During prolonged treatment courses, a slightly increased frequency of gastric polyps has been reported. These changes are considered a physiological consequence of pronounced inhibition of gastric acid secretion; the process is benign and likely reversible.
Reducing gastric juice acidity by any means, including proton pump inhibitors, increases the number of bacteria normally present in the gastrointestinal tract. Treatment with acid-reducing agents may lead to a slightly increased risk of gastrointestinal infections caused by Salmonella and Campylobacter.
Pharmacokinetics.
Distribution
The apparent volume of distribution is approximately 0.3 L/kg body weight. Omeprazole is approximately 97% bound to plasma proteins.
Metabolism and elimination
Omeprazole is completely metabolized by the cytochrome P450 (CYP) system. The majority of its metabolism depends on the polymorphically expressed CYP2C19, responsible for forming hydroxyomeprazole, the main metabolite in plasma. The remainder depends on another specific isoenzyme (CYP3A4), responsible for forming omeprazole sulfone. Due to omeprazole's high affinity for CYP2C19, there is potential for competitive inhibition and metabolic drug-drug interactions with other CYP2C19 substrates. However, due to its low affinity for CYP3A4, omeprazole does not have the ability to inhibit the metabolism of other CYP3A4 substrates. In addition, omeprazole does not inhibit major CYP enzymes.

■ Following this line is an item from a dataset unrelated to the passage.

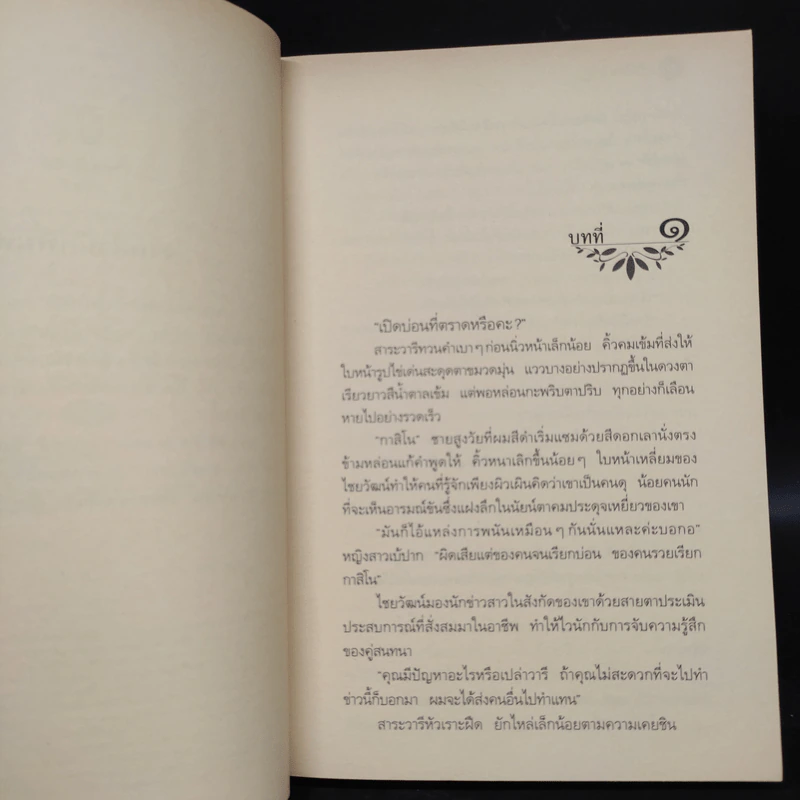 มนต์จันทรา - กิ่งฉัตร รูปที่ 6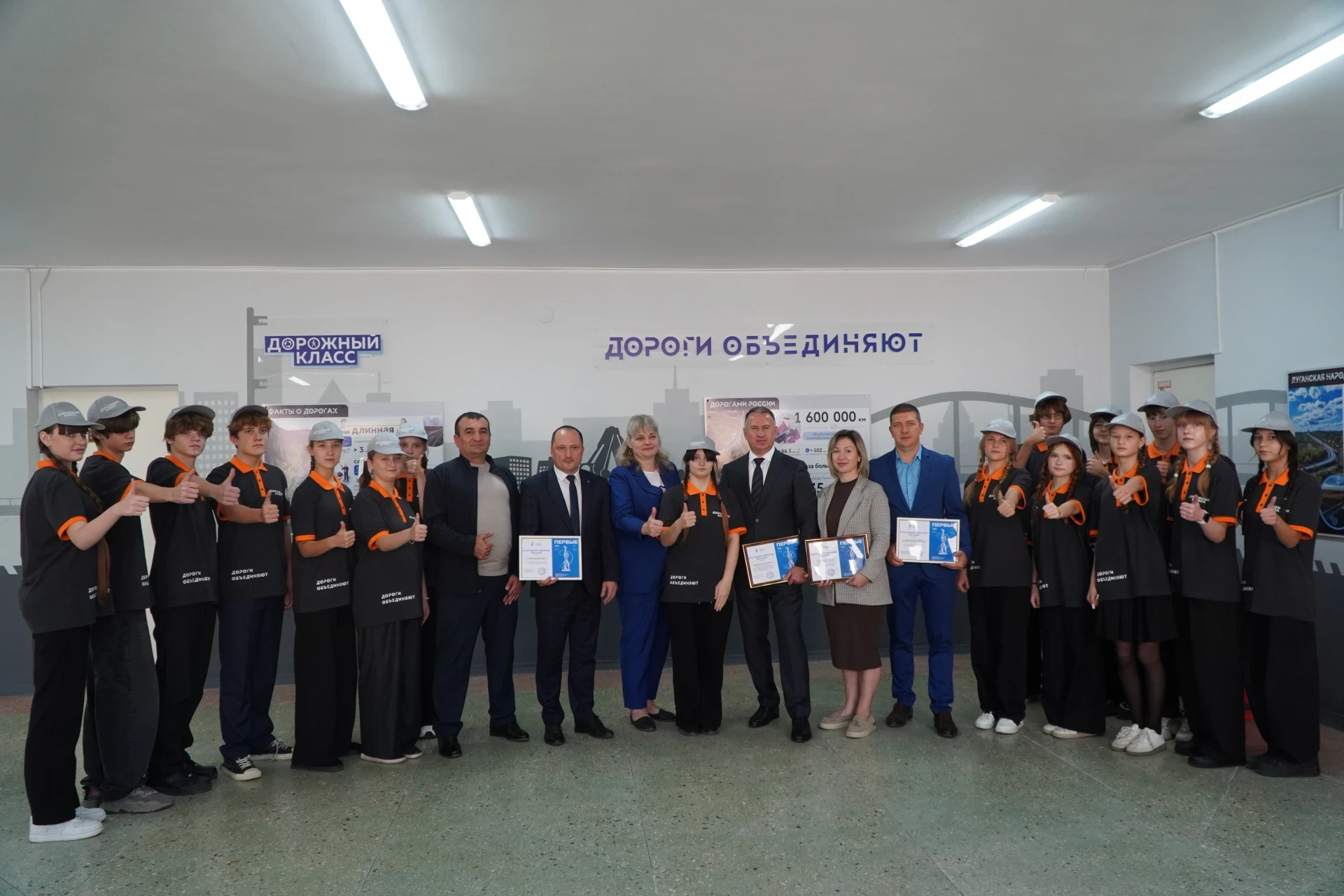 В Алчевске открылся первый в республике «Дорожный класс»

Approximately 3% of individuals of Caucasian ethnicity and 15–20% of individuals of Mongoloid ethnicity lack functional CYP2C19 enzyme; these individuals are classified as "poor metabolizers." In these individuals, omeprazole metabolism may be predominantly catalyzed by the CYP3A4 enzyme. After repeated administration of omeprazole at 20 mg once daily, the mean AUC value in "poor metabolizers" is 5–10 times higher than in individuals with functional CYP2C19 enzyme ("extensive metabolizers"). The average maximum plasma concentration is also 3–5 times higher. However, these findings do not affect omeprazole dosing.
Elimination
Total plasma clearance is approximately 30–40 L/h after a single dose. The elimination half-life of omeprazole in plasma is generally less than one hour, both after single and repeated once-daily administration. Omeprazole is completely cleared from plasma between doses, with no tendency for accumulation when administered once daily. Approximately 80% of an omeprazole dose is excreted in urine as metabolites, and the remainder is excreted in feces, primarily via biliary secretion.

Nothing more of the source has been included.